In a similar vein, such players as Ebay/Paypal, Activision Blizzard, Wyeth and State Street all started with small projects but are now significant employers here.

Despite comments at home about the quality of graduates, O’Leary says the feedback he gets on the quality of Ireland’s workforce is “ exceptionally strong”. Although he believes more could be done to retrain unemployed people for the job opportunities his clients are creating, he says companies set up here in many cases to attract talent from all over Europe.

“The hiring market for skills is Europe rather than the island of Ireland ... so be it. Those you are bringing in are paying their taxes here, renting apartments, they are spending their money, etc. The important thing is that Ireland is a place where you can assemble those teams.”

In the job for just over three years, O’Leary has already had to deal with three different ministers for enterprise (four technically, but O’Leary admits there was no interaction with Mary Hanafin following her appointment in the dying days of the last administration) and must be looking forward to some stability under the new coalition, where Fine Gael’s Richard Bruton has been installed as Minister for Enterprise, Jobs and Innovation.

The IDA regularly brings the Minister for Enterprise on international road trips to meet potential investors, so how important is the choice of that person? “It’s very, very important that companies have a confidence level in who the Minister is and that the person is in tune with the business language,” says O’Leary. “That’s really, really important.”

The Coalition has committed to reducing the number of State agencies and the notion of merging the IDA with its sister agency Enterprise Ireland, which promotes indigenous exporting business, has to be a consideration. Attracting FDI can be a long-term game though – both US networking giant Cisco and German software firm SAP were courted for almost 20 years before committing to Ireland – so O’Leary believes cost-cutting needs to take this into consideration. He concedes there is scope for more sharing of services with Enterprise Ireland and notes that quite a bit happens already in areas such as intellectual property, tax and property services. The two agencies also share some offices abroad.

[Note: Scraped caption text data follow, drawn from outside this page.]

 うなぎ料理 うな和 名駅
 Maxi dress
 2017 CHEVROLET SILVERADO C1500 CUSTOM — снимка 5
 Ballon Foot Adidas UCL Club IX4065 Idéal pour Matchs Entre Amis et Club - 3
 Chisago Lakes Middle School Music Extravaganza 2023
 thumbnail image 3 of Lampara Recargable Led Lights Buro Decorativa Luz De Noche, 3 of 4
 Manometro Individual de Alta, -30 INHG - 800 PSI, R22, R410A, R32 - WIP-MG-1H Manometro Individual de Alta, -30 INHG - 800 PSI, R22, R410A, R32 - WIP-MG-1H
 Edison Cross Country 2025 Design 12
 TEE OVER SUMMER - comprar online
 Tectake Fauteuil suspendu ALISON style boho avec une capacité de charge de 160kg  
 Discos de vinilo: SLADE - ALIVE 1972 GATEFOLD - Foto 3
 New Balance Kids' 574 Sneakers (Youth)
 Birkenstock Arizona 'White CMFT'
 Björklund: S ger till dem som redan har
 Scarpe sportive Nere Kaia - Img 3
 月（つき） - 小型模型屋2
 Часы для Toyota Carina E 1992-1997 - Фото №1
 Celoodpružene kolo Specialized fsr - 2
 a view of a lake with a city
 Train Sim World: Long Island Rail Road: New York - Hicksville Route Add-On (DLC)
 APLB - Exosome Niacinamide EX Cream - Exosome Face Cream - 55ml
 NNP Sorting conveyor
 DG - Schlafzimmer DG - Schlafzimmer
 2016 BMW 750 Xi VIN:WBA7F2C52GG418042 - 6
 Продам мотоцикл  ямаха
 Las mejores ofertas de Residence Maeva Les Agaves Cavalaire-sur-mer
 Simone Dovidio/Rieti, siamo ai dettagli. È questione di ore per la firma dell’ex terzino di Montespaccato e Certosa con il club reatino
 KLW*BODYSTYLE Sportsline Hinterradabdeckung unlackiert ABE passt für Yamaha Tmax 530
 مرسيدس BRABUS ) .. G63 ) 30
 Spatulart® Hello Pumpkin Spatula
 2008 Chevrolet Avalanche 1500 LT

Despite the IDA’s public-sector status, O’Leary is keen to point out his staff have targets to meet every quarter. He even has a “blue space” team targeting emerging areas of business. He himself is constantly on the move. This year he has already spent three weeks in the US, and will spend next week there as well. He has made two visits to Germany and plans three trips to Asia before year end.

“Face time” with clients is the most important thing for his agency. “You don’t get 100 clients to come to a dinner and have meaningful interaction. Our business has always been one-to-one dealing with key executives.”

What would make the job even more challenging would be a change in Ireland’s low corporate tax rate regime, which is a target of many in Europe. “The 12.5 per cent corporation tax rate is exceptionally important. It’s a brand Ireland has traded on for many, many years and, above all, the certainty that brought. Disproportionately Ireland has way more direct investment than its competitors, so it’s very important.”

O’Leary says it is one of a mix of factors that makes Ireland attractive, but admits he would like to see the debate move on.

“How many times do you have to say we are not for turning?”

ON THE RECORD

Name: Barry O'Leary

Age: 60

Job: Chief executive, IDA Ireland

Background: An industrial engineer by training he did stints with Nestlé and the Smurfit group before joining the IDA in the late 1970s. He worked for the agency in Munich, Cologne, Dusseldorf and Frankfurt, before returning to Dublin in 2002 as IDA's director of Europe. He was appointed chief executive in 2008.

Family: Married with two sons.

Interests: Sport, Italian cooking, walking, holidaying in Ireland.